[[ INFORMATION SUPPLIED open ]]

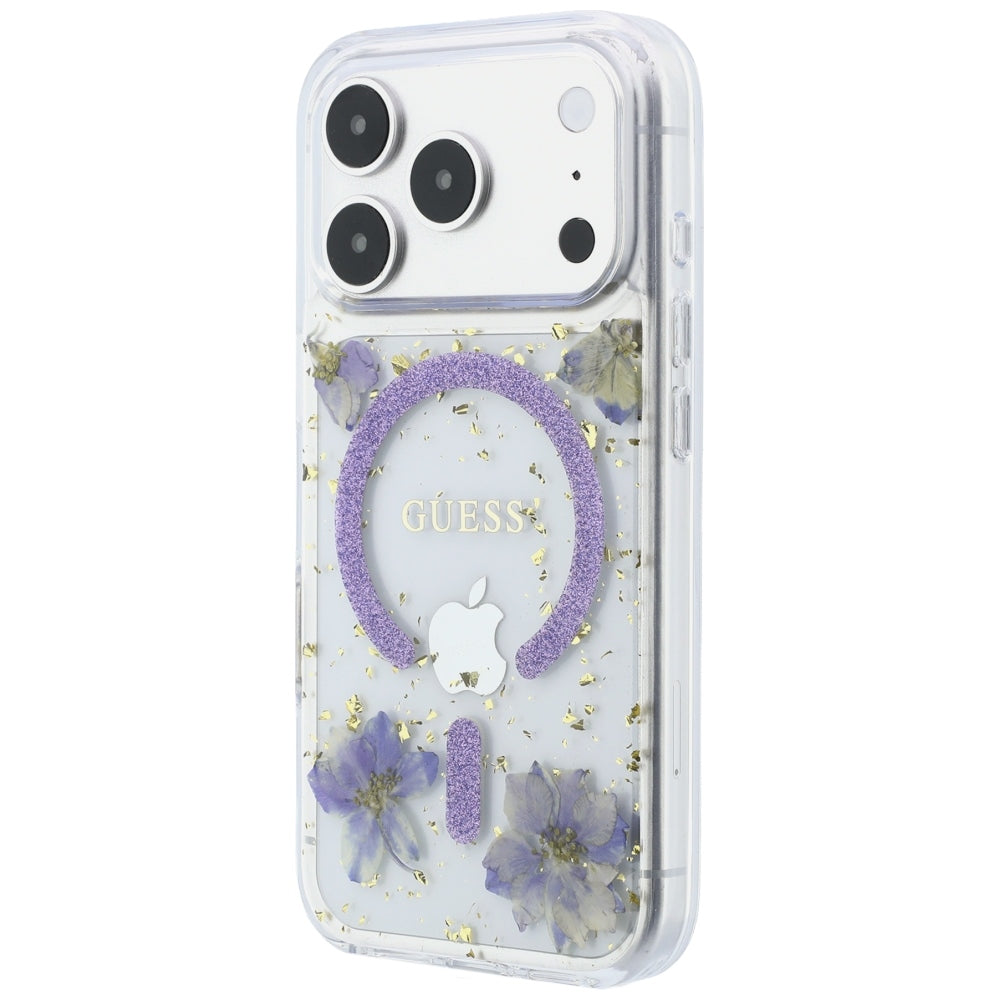 Dėklas Guess Resin Flowers Glitter MagSafe telefonui iPhone 18 Pro / 17 Pro - violetinis -- iPhone 18 Pro / iPhone 17 Pro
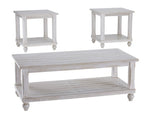 Cloudhurst 3-Pc White Wood Coffee Table Set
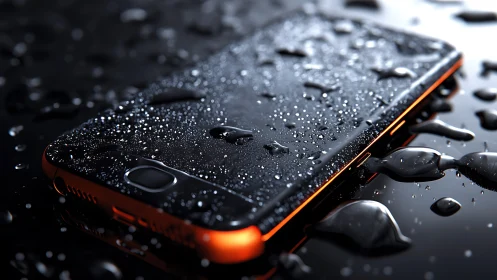Hydrophobic smartphone surface under directional water exposure.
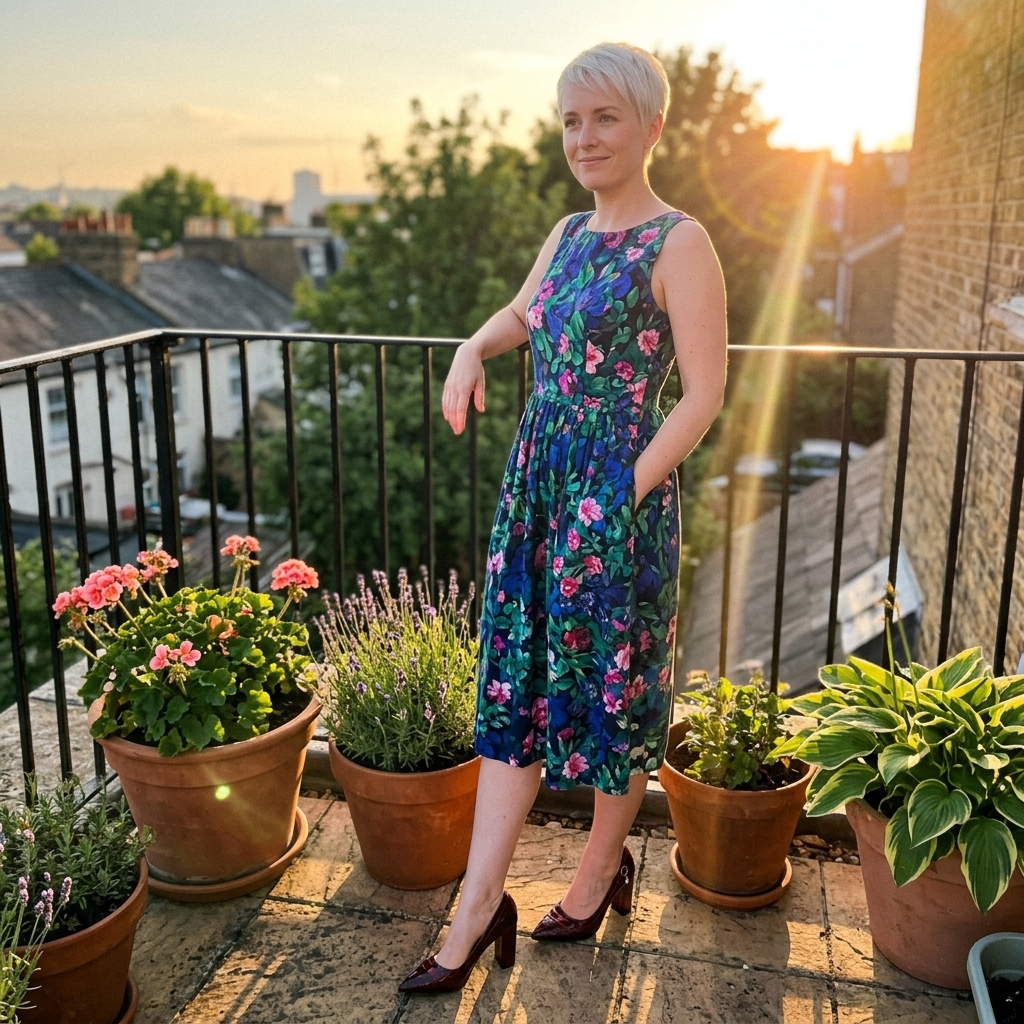 Customer wearing the Alessia Heels on a garden balcony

[[ INFORMATION SUPPLIED closed ]]

INSTRUCTIONS FOR THE TASK
With the pictures excluded, restate word for word each line from the one that contains "Cloudhurst 3-Pc White Wood Coffee Table Set" through the last line of the listing above.

TASK RESPONSE
 Cloudhurst 3-Pc White Wood Coffee Table Set
Hydrophobic smartphone surface under directional water exposure.
 Customer wearing the Alessia Heels on a garden balcony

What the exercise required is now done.